Sie sind auch als Coach tätig und bieten Trainings zur Persönlichkeitsentwicklung und beraten Unternehmen zum Thema „New Work“. Welche Schwerpunkte setzen Sie dabei?
Patz: Im Grunde geht es in meiner Arbeit immer um das Hinauswachsen über limitierende Konditionierungen. Dazu gehört natürlich auch das meist noch unerschlossene Potenzial der Gefühle. Egal ob es sich um Privatpersonen handelt, die sich mehr Lebendigkeit, mehr Authentizität und mehr Möglichkeiten wünschen.
Oder um Unternehmen, die den Ruf der Zeit hören und merken, dass die gewöhnlichen Vorgehensweisen im hierarchischen Unternehmenskontext nicht mehr funktionieren. Aber keine Ahnung haben, wie sie anders vorgehen könnten. In beiden Fällen versorge ich meine Klienten mit neuen, ungewöhnlichen Perspektiven und Soft-Skills, die ihnen mehr Möglichkeiten zur Verfügung stellen und ihren Handlungsspielraum erweitern.
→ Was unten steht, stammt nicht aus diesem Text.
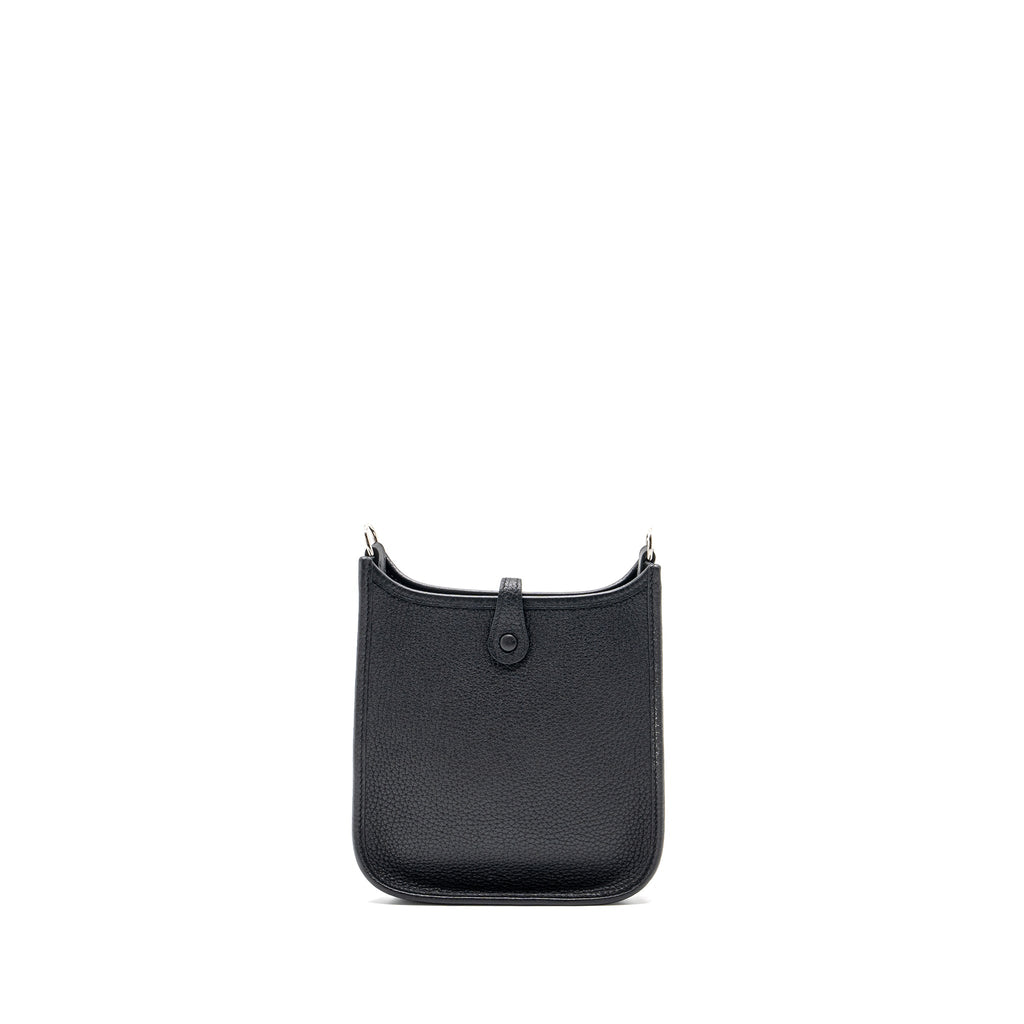 hermes-mini-evelyn-clemence-black-shw-stamp-z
Sie bezeichnen sich gerne auch als „Evolutionäre Krustensprengerin“. Was bedeutet das?
Patz: Eine „Evolutionäre Krustensprengerin“ sorgt dafür, dass alte Krusten in Form von kulturellen Paradigmen oder persönlich überholten Mustern aufbrechen. Sodass das ursprüngliche, authentisch Lebendige wieder zum Vorschein kommt und Evolution passieren kann. Ich liebe diesen Job!
Was ist für Sie persönlich der Sinn des Lebens?
Patz: Das ist eine sehr große Frage! Für mich persönlich liegt der Sinn des Lebens im „Lebendig Sein“ an sich. Das hört sich jetzt vielleicht etwas banal an. Aber ich glaube, dass wir unsere Lebendigkeit oft unserer Sucht nach Sicherheit opfern und so Gefahr laufen, zu lebenden Toten zu werden, die nichts riskieren und versuchen, alles unter Kontrolle zu halten. Die eigene Gefühlswelt auszubilden, ist ein Weg zurück zu mehr Lebendigkeit.
Das Interview führte Markus Hofelich.